Genet Mol Res. 2013 Mar 26;12(3):3821-9. doi: 10.4238/2013.March.26.2.
We investigated a possible association of polymorphism of the eNOS gene and essential hypertension in the Chinese Hui population; polymorphisms of rs2070744 (T>C), rs1799983 (G>T), rs1800780 (A>G), and rs3918181 (A>G) loci of the eNOS gene were examined. We found that the genotypic frequencies at rs1799983 and rs1800780 loci differed significantly between patients with essential hypertension and control cohorts. The allelic frequency of the rs1799983 locus also differed significantly between essential hypertension patients and non-essential hypertension controls in this population. Additionally, the G allele of the rs1799983 locus was less frequent in the essential hypertension patients than in controls, with an odds ratio (OR) value of 3.851 [95% confidence interval (95%CI) = 2.236-6.631]. This is an indication of a protective factor of essential hypertension in Chinese Hui people. Haplotype analysis using the 4 SNPs revealed 15 haplotypes. Haplotype frequencies of CGAG, TTAG, TGGG, TTGG, and TTGA were significantly different in essential hypertension patients compared to non-essential hypertension controls. Individuals with haplotypes CGAG [χ² = 7.371, OR (95%CI) = 0.352 (0.161-0.770)] and TGGG [χ² = 6.180, OR (95%CI) = 0.600 (0.400- 0.899)] appear less likely to have essential hypertension.
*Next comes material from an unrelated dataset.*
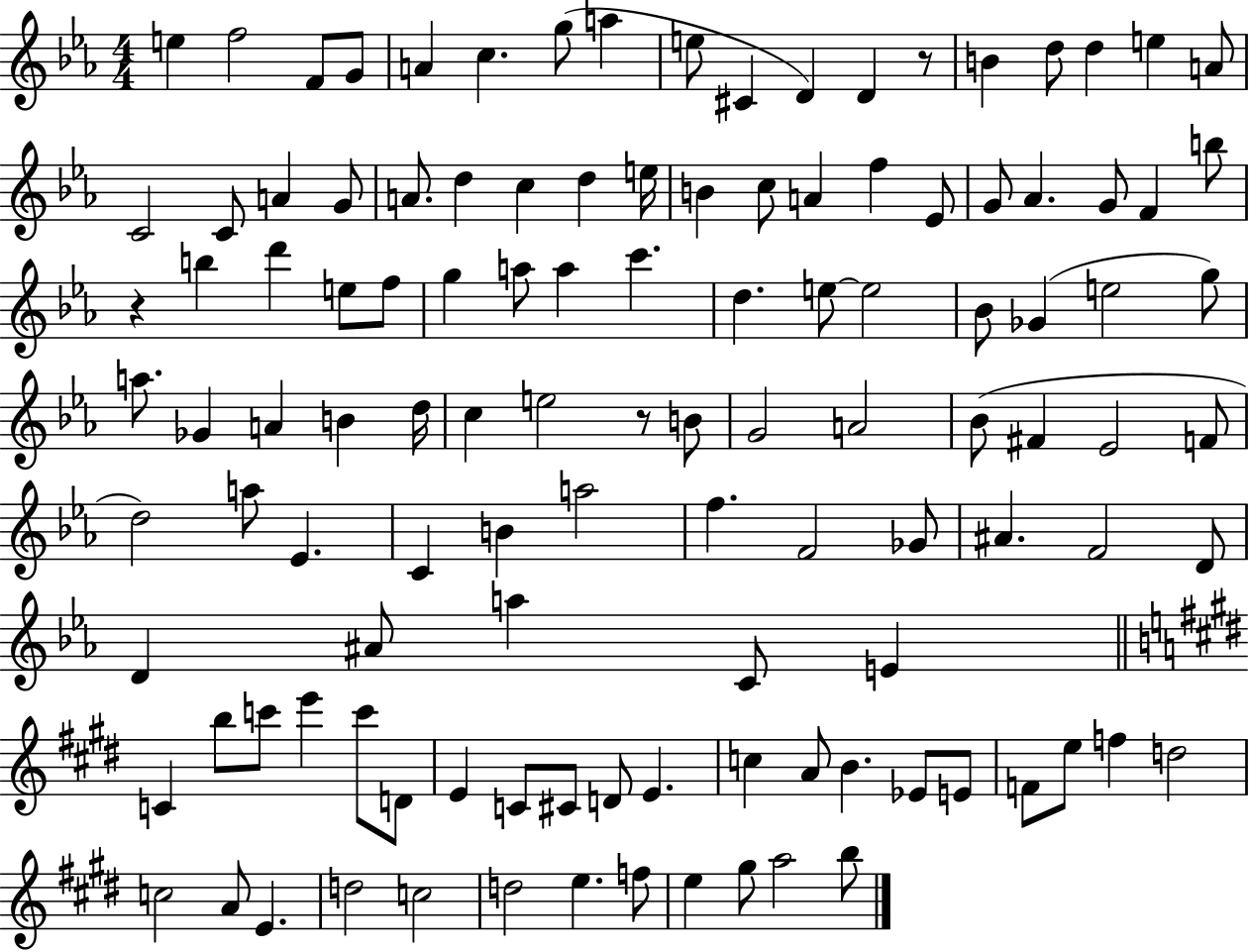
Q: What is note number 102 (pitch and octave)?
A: D5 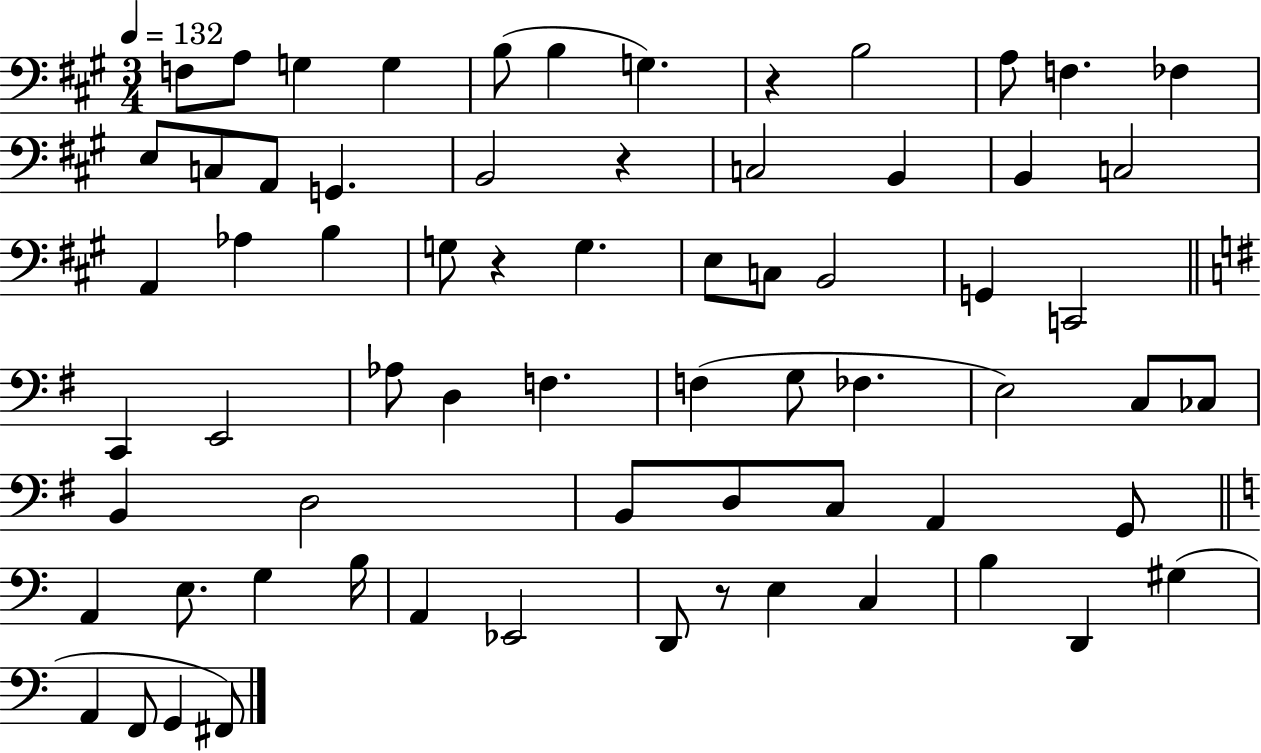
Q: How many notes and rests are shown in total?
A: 68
However, Chinese Hui with the haplotype TTAG are at risk to develop essential hypertension [χ² = 10.816, OR (95%CI) = 2.689 (1.466-4.932)]. We conclude that polymorphism of the eNOS gene is associated with susceptibility to essential hypertension in the Chinese Hui population.
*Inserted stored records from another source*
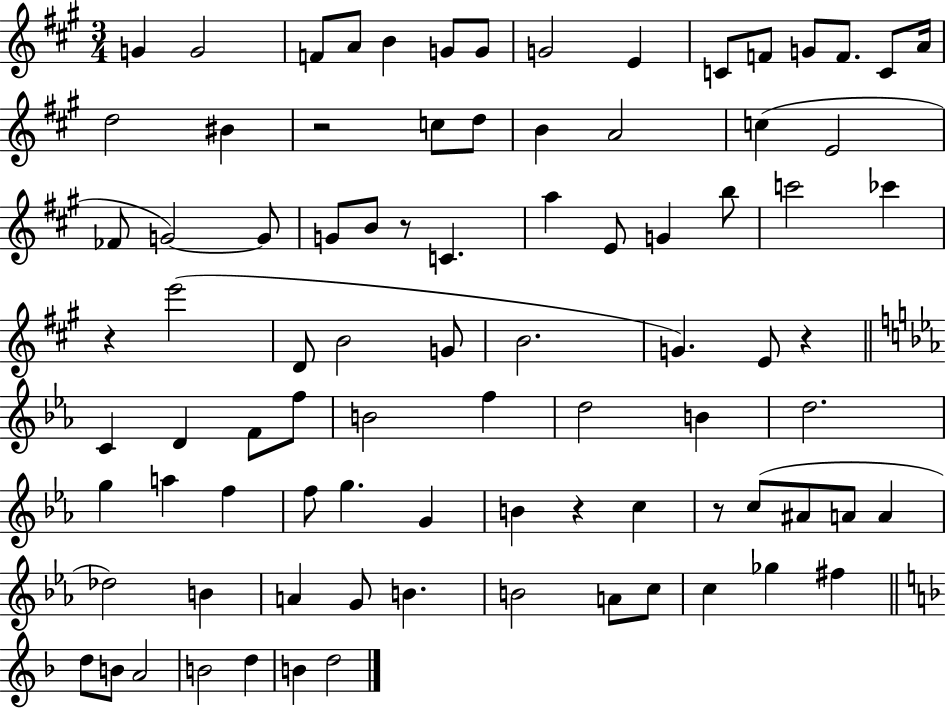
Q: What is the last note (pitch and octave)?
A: D5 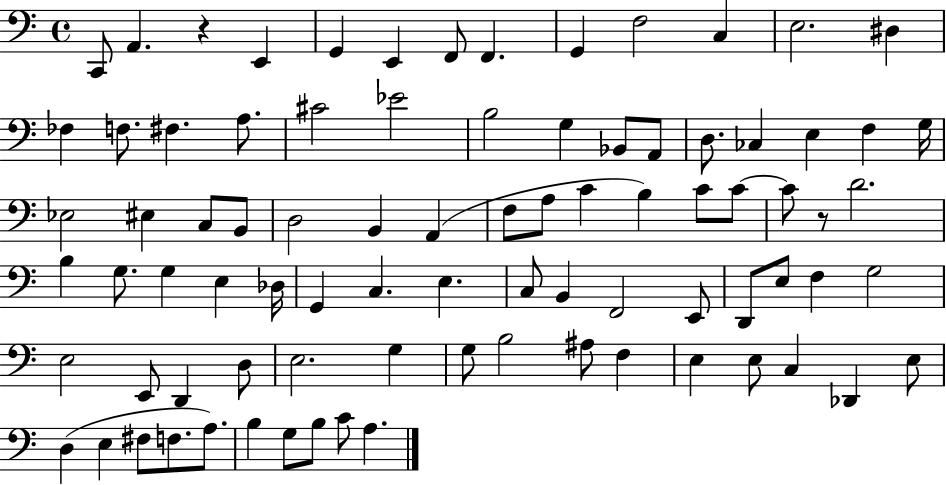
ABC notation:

X:1
T:Untitled
M:4/4
L:1/4
K:C
C,,/2 A,, z E,, G,, E,, F,,/2 F,, G,, F,2 C, E,2 ^D, _F, F,/2 ^F, A,/2 ^C2 _E2 B,2 G, _B,,/2 A,,/2 D,/2 _C, E, F, G,/4 _E,2 ^E, C,/2 B,,/2 D,2 B,, A,, F,/2 A,/2 C B, C/2 C/2 C/2 z/2 D2 B, G,/2 G, E, _D,/4 G,, C, E, C,/2 B,, F,,2 E,,/2 D,,/2 E,/2 F, G,2 E,2 E,,/2 D,, D,/2 E,2 G, G,/2 B,2 ^A,/2 F, E, E,/2 C, _D,, E,/2 D, E, ^F,/2 F,/2 A,/2 B, G,/2 B,/2 C/2 A, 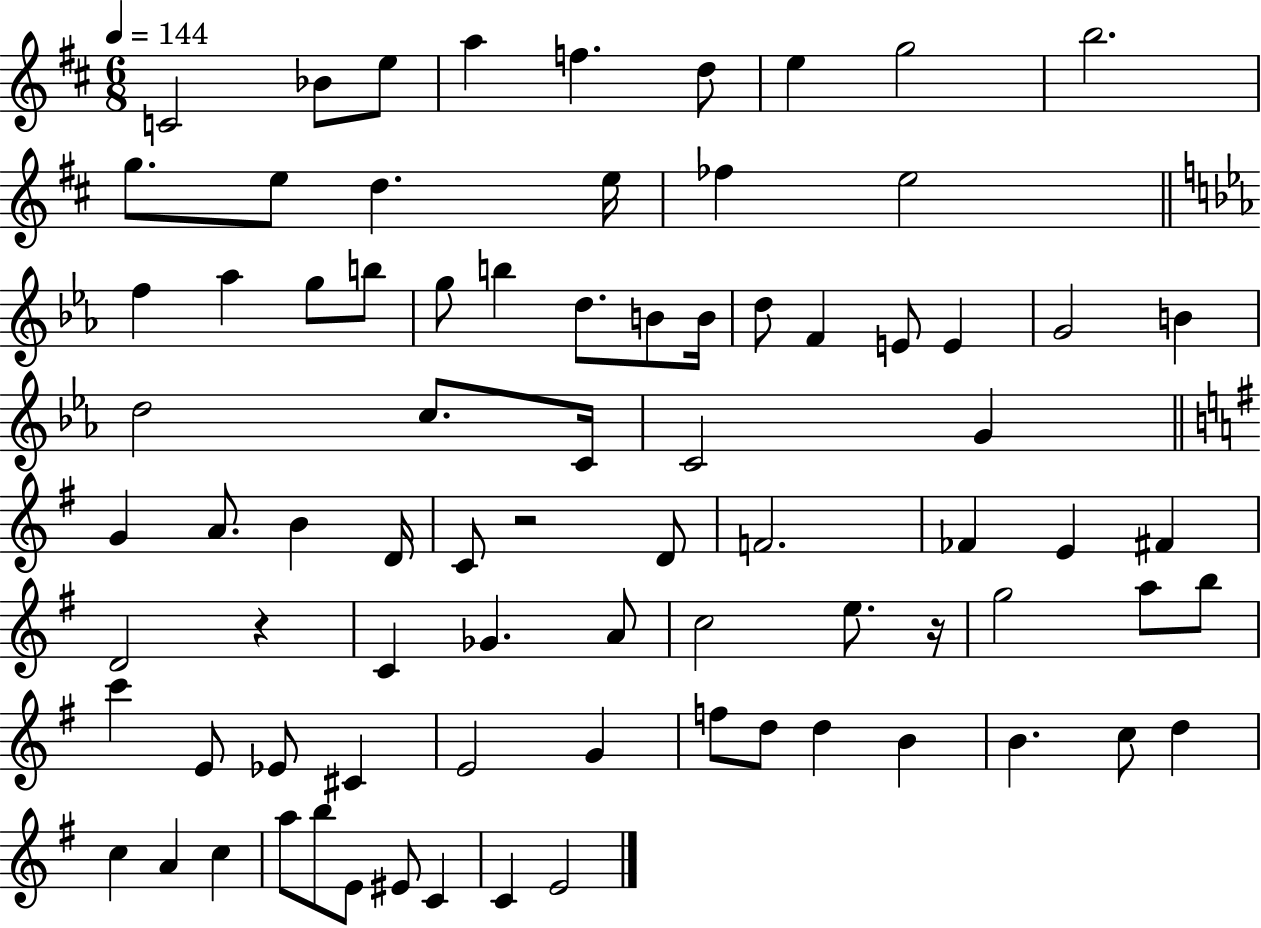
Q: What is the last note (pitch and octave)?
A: E4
我们研究了中国回族人群中内皮型一氧化氮合酶(eNOS)基因多态性与原发性高血压之间可能存在的关联;检测了eNOS基因rs2070744(T>C)、rs1799983(G>T)、rs1800780(A>G)和rs3918181(A>G)位点的多态性。我们发现,原发性高血压患者与对照队列在rs1799983和rs1800780位点的基因型频率存在显著差异。在该人群中,原发性高血压患者与非原发性高血压对照在rs1799983位点的等位基因频率也存在显著差异。此外,rs1799983位点的G等位基因在原发性高血压患者中的频率低于对照组,优势比(OR)值为3.851 [95%置信区间(95%CI)= 2.236 - 6.631]。这表明在中国回族人群中它是原发性高血压的一个保护因素。使用这4个单核苷酸多态性(SNP)进行单倍型分析,共发现15种单倍型。与非原发性高血压对照相比,原发性高血压患者中CGAG、TTAG、TGGG、TTGG和TTGA单倍型的频率存在显著差异。具有CGAG单倍型的个体[χ² = 7.371,OR(95%CI)= 0.352(0.161 - 0.770)]和TGGG单倍型的个体[χ² = 6.180,OR(95%CI)= 0.600(0.400 - 0.899)]患原发性高血压的可能性似乎较小。然而,具有TTAG单倍型的中国回族人群患原发性高血压的风险较高[χ² = 10.816,OR(95%CI)= 2.689(1.466 - 4.932)]。我们得出结论,eNOS基因多态性与中国回族人群原发性高血压的易感性相关。